History of the Romanian Jews (Exploration of Jewish Romanian Heritage and Contributions]

#26 - Lawrence of Arabia and Aaronsohn of Palestine

Adrian Iosifescu Season 2 Episode 26
  • Aaron Aaronsohn, 6 years old boy from Bacău 
  • Aaron Aaronsohn, the Palestinian botanist
  • Aaron Aaronsohn, the locust fighter
  • Aaron Aaronsohn, the leader of the British spy network in Palestine
  • Aaron Aaronsohn, the political negotiator

Episode 26 - Lawrence of Arabia and Aaronsohn of Palestine

Hello, I am Adrian Iosifescu, your host of the History of Romanian Jews podcast and this is episode 26, where we’ll be discussing the accomplishments of the Romanian Jew Aaron Aaronsohn.

 By-the-way, you just listened to “Canaan” (12 Spies), a song written and composed by the Israeli singer-songwriter and pianist Shlomi Shaban. A link to the full video is provided in the Notes.

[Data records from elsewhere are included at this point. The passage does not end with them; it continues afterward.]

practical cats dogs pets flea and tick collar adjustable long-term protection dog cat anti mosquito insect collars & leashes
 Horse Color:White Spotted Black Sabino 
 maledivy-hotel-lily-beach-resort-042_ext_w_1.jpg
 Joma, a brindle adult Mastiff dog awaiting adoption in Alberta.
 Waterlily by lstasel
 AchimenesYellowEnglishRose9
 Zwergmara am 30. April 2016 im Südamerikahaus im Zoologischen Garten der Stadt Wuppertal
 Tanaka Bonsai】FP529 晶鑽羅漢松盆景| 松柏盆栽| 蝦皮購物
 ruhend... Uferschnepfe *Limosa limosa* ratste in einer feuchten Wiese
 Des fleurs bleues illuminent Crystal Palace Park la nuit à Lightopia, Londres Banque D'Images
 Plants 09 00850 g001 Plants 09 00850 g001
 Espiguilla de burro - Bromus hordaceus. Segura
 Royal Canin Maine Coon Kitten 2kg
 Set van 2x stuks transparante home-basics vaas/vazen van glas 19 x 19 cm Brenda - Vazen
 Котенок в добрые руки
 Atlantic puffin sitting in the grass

 As you may recall from one of our previous episodes, In late 1900s, the idea of agricultural colonization in Palestine spread quickly among the Romanian Jews and in 1875 a society called Jashub Eretz Israel (The Colonization of Eretz Israel) was founded in Moinesti. Similar societies were created in other Romanian cities and a turning point was reached with the Focsani conference of two days, 30 December 1881 and 1 January 1882. 56 delegates representing 32 localities took part in the conference held in the town’s Jewish school. At the Focsani conference it was decided to encourage and coordinate all efforts towards organized emigration and successful colonization in Palestine. The conference had a great impact on the European Jews and many historians consider the Focsani conference the first Zionist congress, years before Theodore Herzl first Zionist congress in Basel in 1897.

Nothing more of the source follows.